§ **DATA IN THIS EXERCISE**:
+---+

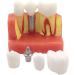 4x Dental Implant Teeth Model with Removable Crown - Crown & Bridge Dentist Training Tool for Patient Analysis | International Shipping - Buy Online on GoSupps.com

+---+

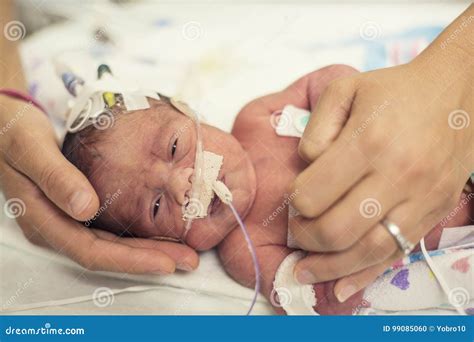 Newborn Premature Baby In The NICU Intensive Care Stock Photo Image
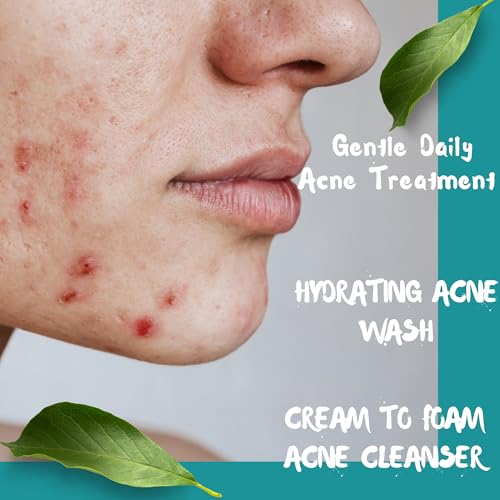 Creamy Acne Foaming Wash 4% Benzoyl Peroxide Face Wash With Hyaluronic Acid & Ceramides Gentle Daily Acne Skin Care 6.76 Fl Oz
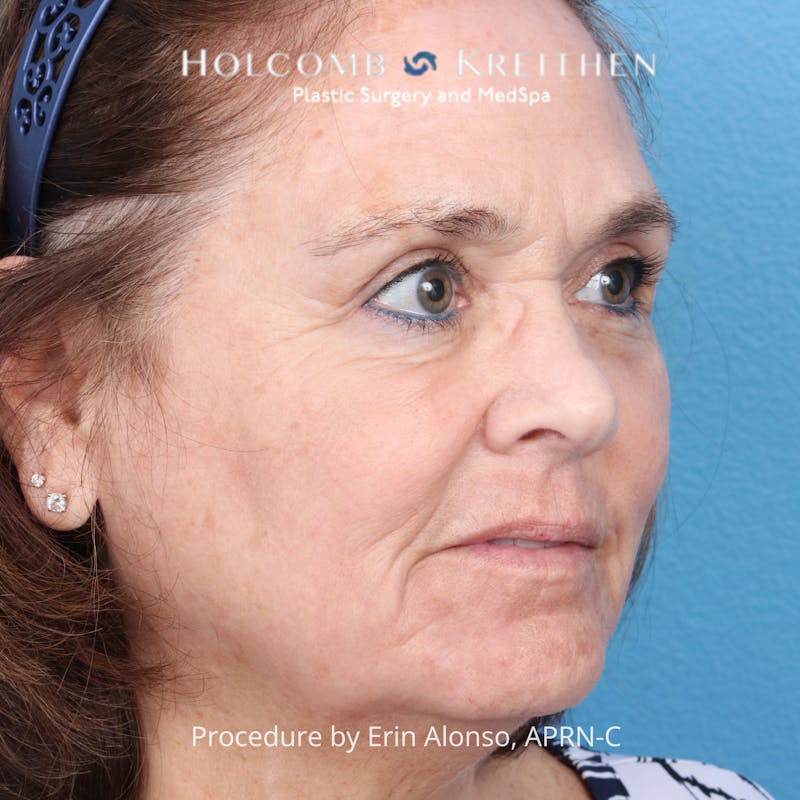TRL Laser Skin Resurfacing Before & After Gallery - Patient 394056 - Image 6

+---+

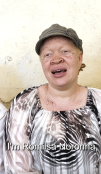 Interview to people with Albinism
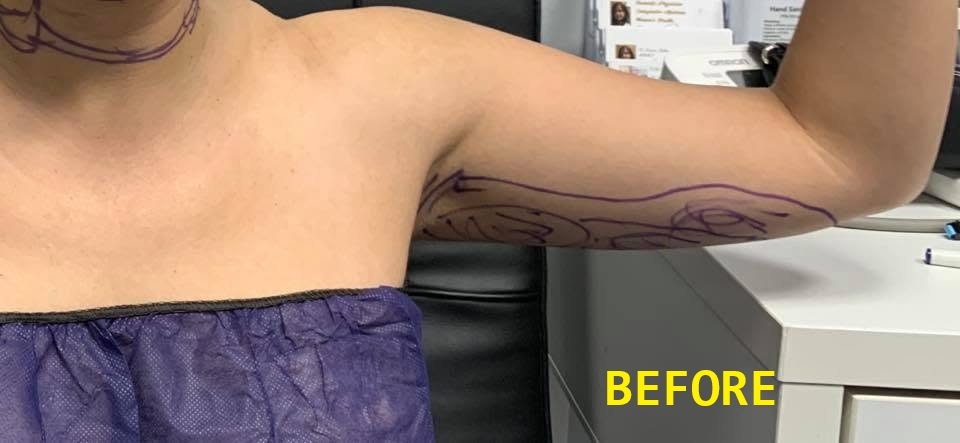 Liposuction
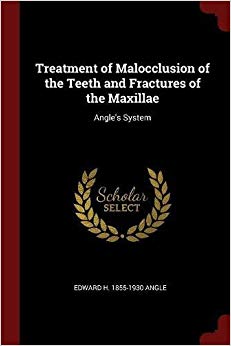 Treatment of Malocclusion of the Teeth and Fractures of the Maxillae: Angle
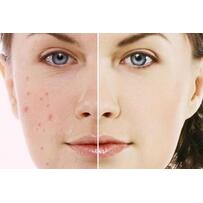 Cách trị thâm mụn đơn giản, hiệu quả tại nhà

+---+

The data above holds the lines to copy: start at the one with "Newborn Premature Baby", stop at the one with "TRL Laser Skin", include both, copy them exactly without pictures, and copy nothing else.

§ **RESPONSE AREA**:
 Newborn Premature Baby In The NICU Intensive Care Stock Photo Image
 Creamy Acne Foaming Wash 4% Benzoyl Peroxide Face Wash With Hyaluronic Acid & Ceramides Gentle Daily Acne Skin Care 6.76 Fl Oz
TRL Laser Skin Resurfacing Before & After Gallery - Patient 394056 - Image 6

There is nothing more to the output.